If retirement planning recommendations such as, increasing savings, reducing unnecessary spending or creating a portfolio with the proper allocation your desired standard of living during retirement might become unattainable. This is why it is so important to start a retirement plan early and maintain the discipline needed to properly carry it out.
The last financial planning element, and probably the least known, is estate planning. During life we usually accumulate various assets. These assets can include cash, real estate, investments and art to name a few. Upon passing, the laws of the State will govern the distribution of assets in the absence of the proper estate planning documents. These documents includes wills, trusts, powers of attorney and other legal instruments.
Estate planning seeks to reduce the confusion of distributing assets upon the passing of a loved one.

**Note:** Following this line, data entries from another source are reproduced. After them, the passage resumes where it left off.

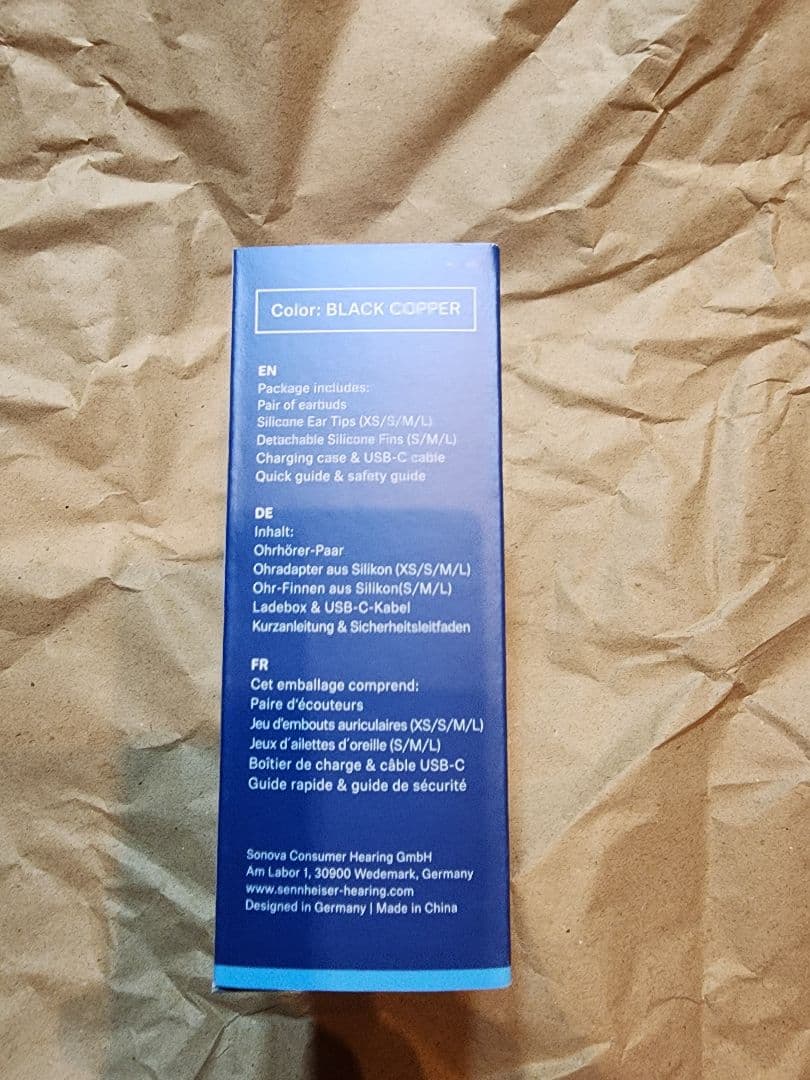 【新品・未使用】ゼンハイザー MOMENTUM True Wireless 4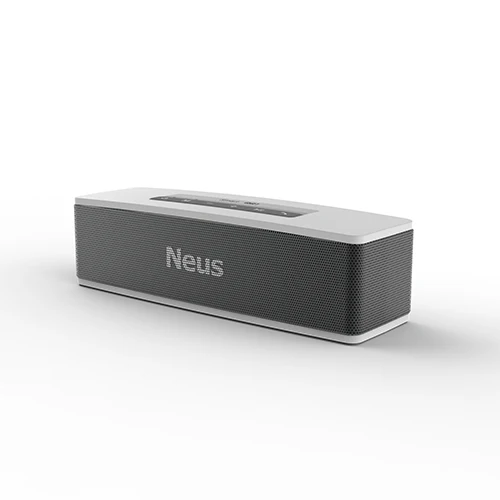 Neusound Neus 20 Вт высокой мощности TWS Bluetooth динамик портативный Саундбар | звуковая панель с улучшенной запатентованной глубоким басом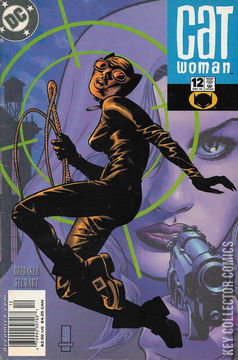 Variant Cover for Catwoman #12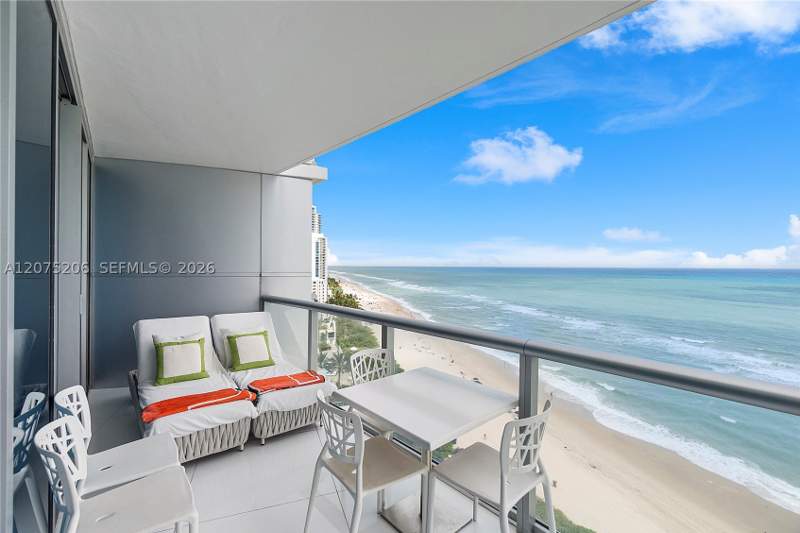 1 bedroom Condominium at 17001 Collins Ave 1703, Jade Beach Condo, Sunny Isles Beach — photo 2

In addition it also aims to minimize any taxes that could be levied on the estate. A comprehensive financial plan should continually revise the estate plan in order to remain relevant.
I hope this article helps you understand the comprehensive financial plan elements; tax, retirement and estate planning. In order to obtain your life’s goals be sure that you cover all of the bases. Overlooking a aspect of the financial process could impact your ability to maintain your desired standard of living.